Top Tracks: mehro – howling

A lone wolf will howl up at the moon, its cries carrying for miles across dense forests, mountain peaks and frigid open tundra, in the hope of reaching those it cares about. Their bonds are so strong that distance doesn’t matter; when they need each other they will call out. It’s a beautiful notion, and one that we could stand to learn from, as when we feel at our most alone is usually when we fall quiet. There’s no calling out into the night, often not even a quick message, instead opting to suffer in silence. With his new single, mehro offers a glimpse into that sense of isolation. The restless nights, the tempestuous thoughts, the feeling of missing someone so much that you’re left treading water with no respite in sight. And yet, as everything comes crumbling down and your head sinks beneath the surface, you still can’t find the strength to say “I need you”. With its soft wistful folk arrangement, cold subtle electronics, and mehro’s own plaintive cries harmonising with haunting wolf howls, this stunning single offers some comfort in knowing we’re not alone in feeling alone.

Top Tracks: Rett Madison – Skeptic’s Angels

No one is born bitter and jaded. When we first experience the world we do so with a steadfast sense of wonder. We see the best in ourselves and others, refuse to be divided down arbitrary lines, find joy in even the smallest things, and live our lives believing that anything is possible. And yet, little by little, the innocence and optimism in all of us gets eroded.
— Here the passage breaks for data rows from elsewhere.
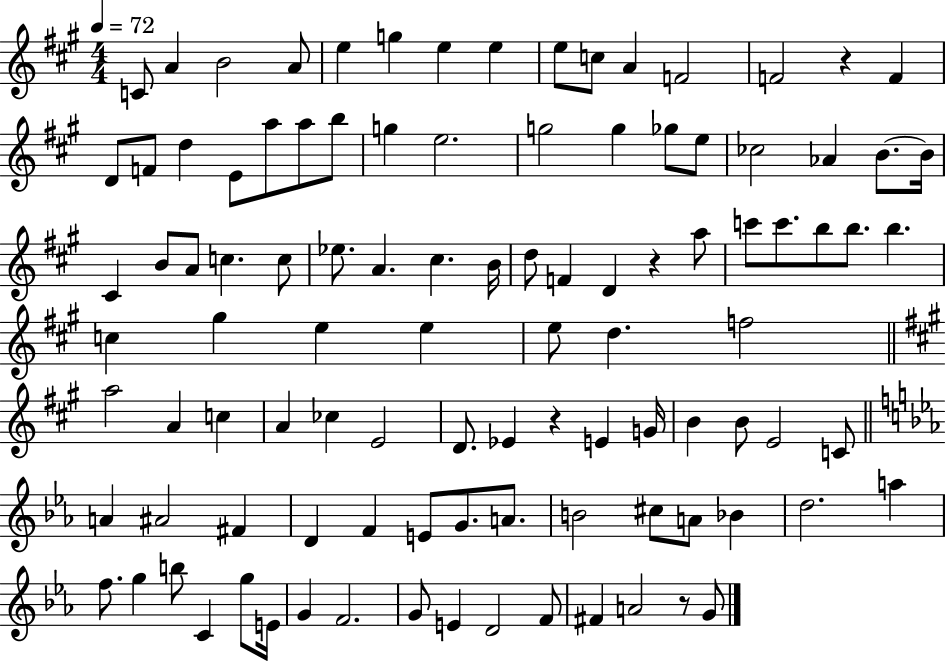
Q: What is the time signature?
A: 4/4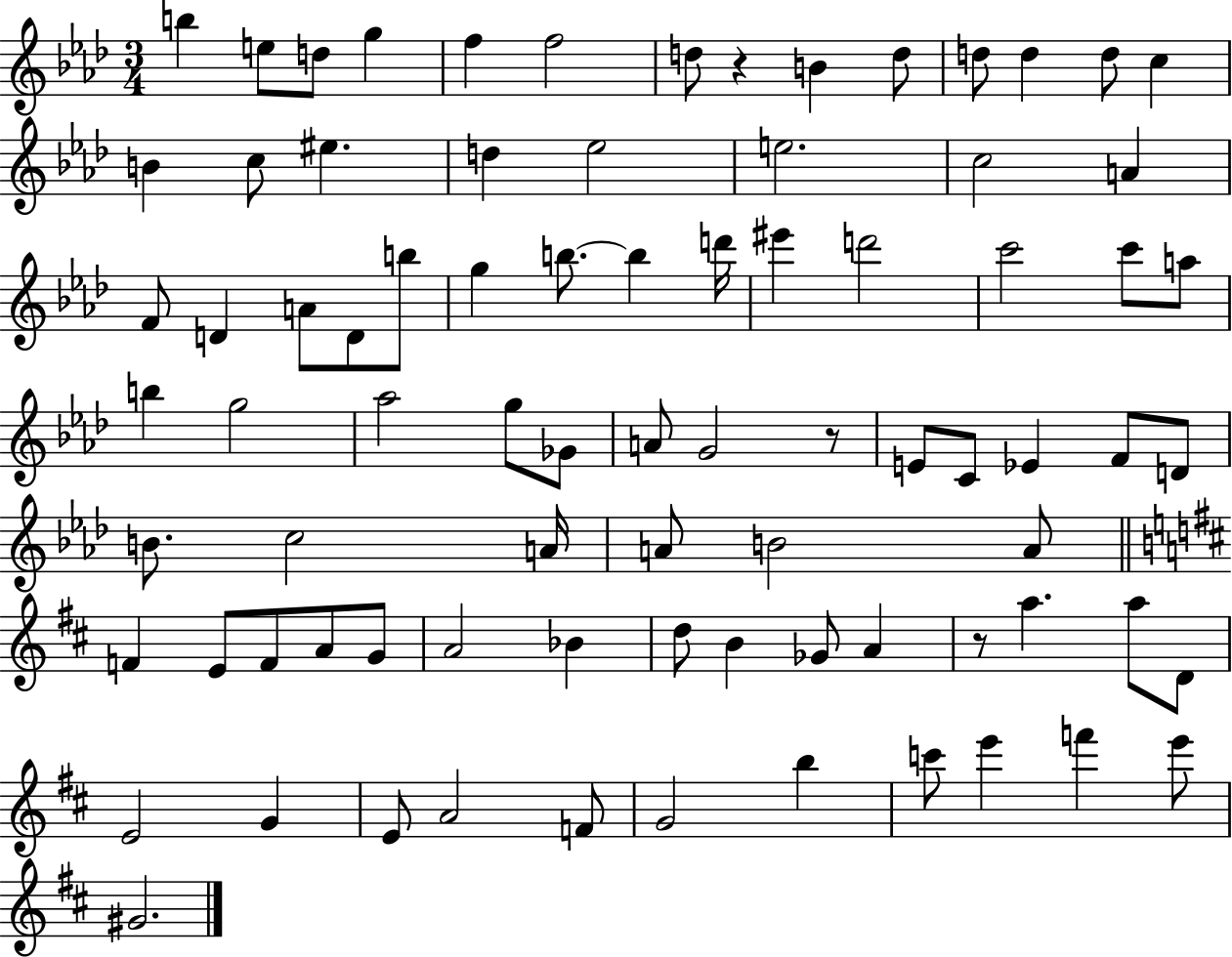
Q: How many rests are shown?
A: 3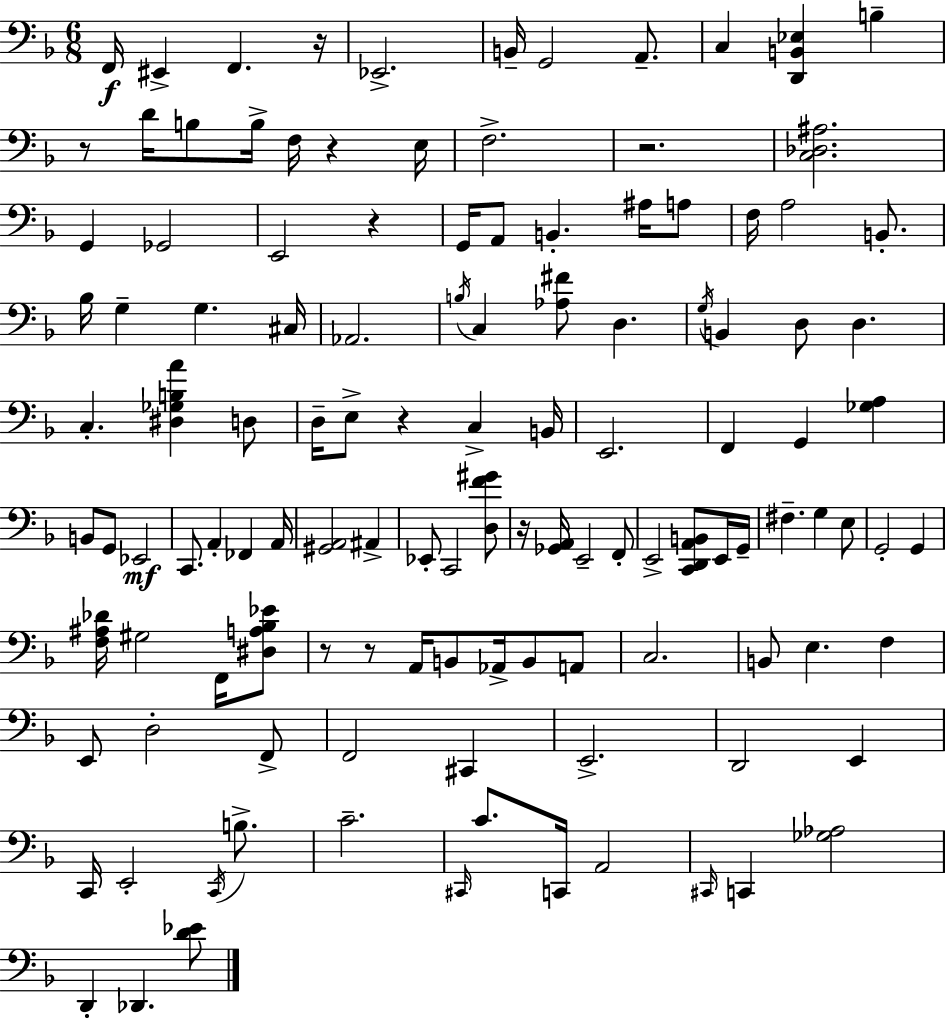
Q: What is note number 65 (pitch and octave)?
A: E3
Often the cracks form so slowly that you don’t even realise it, until one day your inner cynic becomes the dominant voice – you begin to see the worst in everything, and ultimately ask yourself “When did I first take for granted, Another sunset on this twisted planet?“. It’s as inevitable as the rising tide, but that doesn’t mean you have to succumb to it without a fight. With the soulful ‘Skeptic’s Angels’, singer/songwriter Rett Madison offers a poignant moment of mourning for her own faith and innocence lost and asks the question “is it too late to believe?“. Taken from her debut album Pin-up Daddy, it’s another fine example of the fine balance between fire and fragility that is walked by her astonishing vocals. For many of us it gets harder with every passing day to believe in something greater and have faith in the good in others, but sometimes we all need to take a leap of faith to keep the light shining just a little longer.
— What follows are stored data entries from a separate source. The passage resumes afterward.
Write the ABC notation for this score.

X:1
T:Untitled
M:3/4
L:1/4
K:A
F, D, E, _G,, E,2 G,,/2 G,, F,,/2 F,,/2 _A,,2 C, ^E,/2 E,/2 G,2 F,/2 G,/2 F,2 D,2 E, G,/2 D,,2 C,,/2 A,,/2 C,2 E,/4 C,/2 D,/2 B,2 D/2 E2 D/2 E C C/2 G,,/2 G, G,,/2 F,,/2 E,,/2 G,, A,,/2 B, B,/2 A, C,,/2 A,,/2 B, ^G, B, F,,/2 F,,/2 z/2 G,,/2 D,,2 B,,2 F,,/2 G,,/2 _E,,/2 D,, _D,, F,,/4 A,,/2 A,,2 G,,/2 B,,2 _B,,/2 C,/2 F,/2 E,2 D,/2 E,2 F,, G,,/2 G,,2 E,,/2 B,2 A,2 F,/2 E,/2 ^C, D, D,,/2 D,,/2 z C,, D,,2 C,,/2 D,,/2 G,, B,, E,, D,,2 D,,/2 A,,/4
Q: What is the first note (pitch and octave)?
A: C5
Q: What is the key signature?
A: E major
Top Tracks: The Greatest Endangered Thing – Bramble Lane

There are plenty of wonderfully emotive songs out there which perfectly capture a feeling, like joy, or love, or heartbreak, and lots of tracks that evoke a certain point in time, expressing the mood of certain seasons or reminiscent of past decades. But one less heard and underappreciated facets of songwriting that holds a place in my heart is the kind of song that manages to embody the spirit and character of a certain place. Music that echoes the symphony of nature, lyrics that can vividly describe a stunning vista, songs which offer an escape by whisking you away someplace else. The latest single from The Greatest Endangered Thing is perhaps the finest example I’ve heard all year. Paired beautifully with some stunning cinematography from filmmaker Brett Chapman, ‘Bramble Lane’ plays as an evocative love letter to the Peak District. There’s a haunting mystique that conjures up the feel of misty moorlands and dark gnarled woods; ancient and unchanging like something from a long forgotten legend. Yet there’s also an air of romanticism that calls to mind the morning sun rising over heather-clad hills, that evokes birdsong and bright clear skies, and brings with it that same sense of freedom and sanctuary that comes with being off the beaten path.